The Plan: Spend the day cooking pizzas in the pizza oven.
The Dish: Pizza with salmoriglio sauce and heirloom tomatoes, a La Medusa specialty.
The Basics: “I think less is more with pizza,” says Julie. “You start with good things and you come out with good things.” And, she notes, “Unlike most of America, I like a crackery thin crust. I want to be able to eat a lot of pizza at one sitting."
The Lesson: Using Julie’s homemade dough, I assemble a minimalist pizza of tomato sauce, cippolini and Parmigiano. “You’ve done this before, right?” she asks. Not exactly, I admit, as my pizza gets stretched out of shape while I attempt to load it onto a long spatula known in pizza parlance as a peel. I thrust it confidently into the backyard applewood-fired oven, which Julie and Evan built themselves.

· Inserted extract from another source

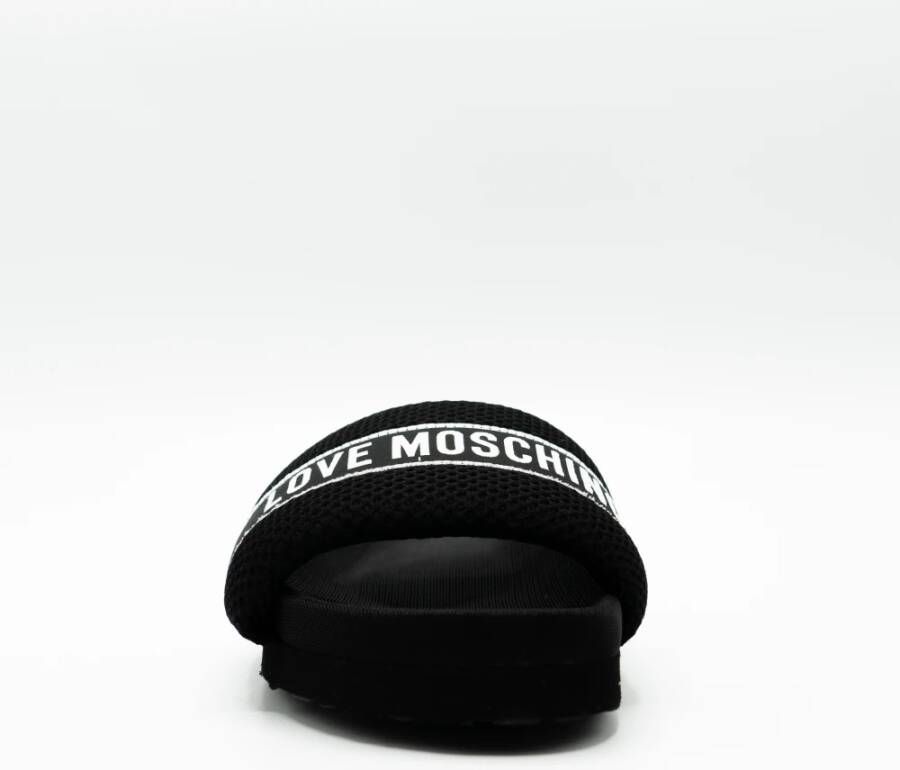 Love Moschino Comfortabele Instap Pantoffels Zwart Dames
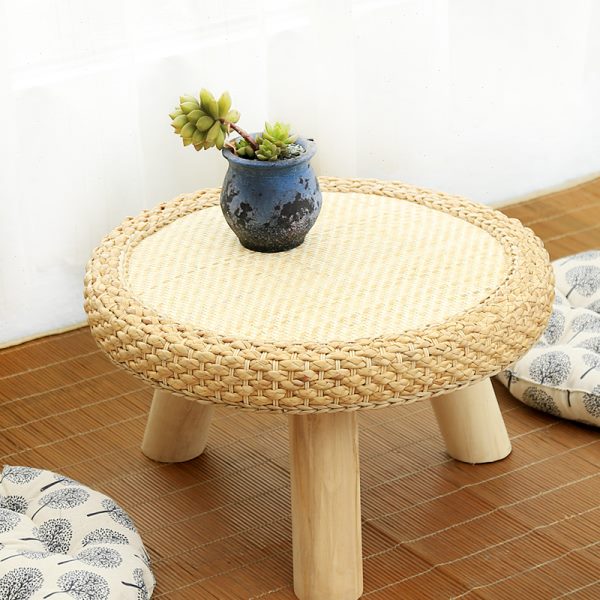 榻榻米网红小圆桌子日式藤编矮炕桌阳台禅意卧室坐地小茶几飘窗桌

I lean in close to watch my crust bubble up. “You have to sacrifice a few eyebrows,” jokes Julie.
Rotating the pizza while it cooks is vital, since much of the heat is coming from the pile of burning logs on one side of the oven. After watching me attempt to maneuver my pie with the peel, Julie demonstrates, pulling the pizza out of the oven and giving it a quick turn with her hand, then shoving it back in. OK, then.
The Meal: After slaving away for, oh, two minutes on my pizza (wood ovens are hot!), I present it to the 10 or so assembled guests, where it is given the thumbs-up and quickly disappears. I lose count of how many pizzas we make, because as each emerges from the oven, it is gobbled up in similar fashion. (One of the gobblers is La Medusa chef Sean Dominoski, who was recently promoted from sous-chef and who has absolutely no trouble with the pizza peel.)
As we’re eating, I ask Julie about her favorite pizza topping, and she looks at me like a mother asked to name her favorite child. “Salmoriglio sauce,” she finally decides. It’s a gutsy garlic-anchovy sauce, salty and rich, found on pizzas at La Medusa.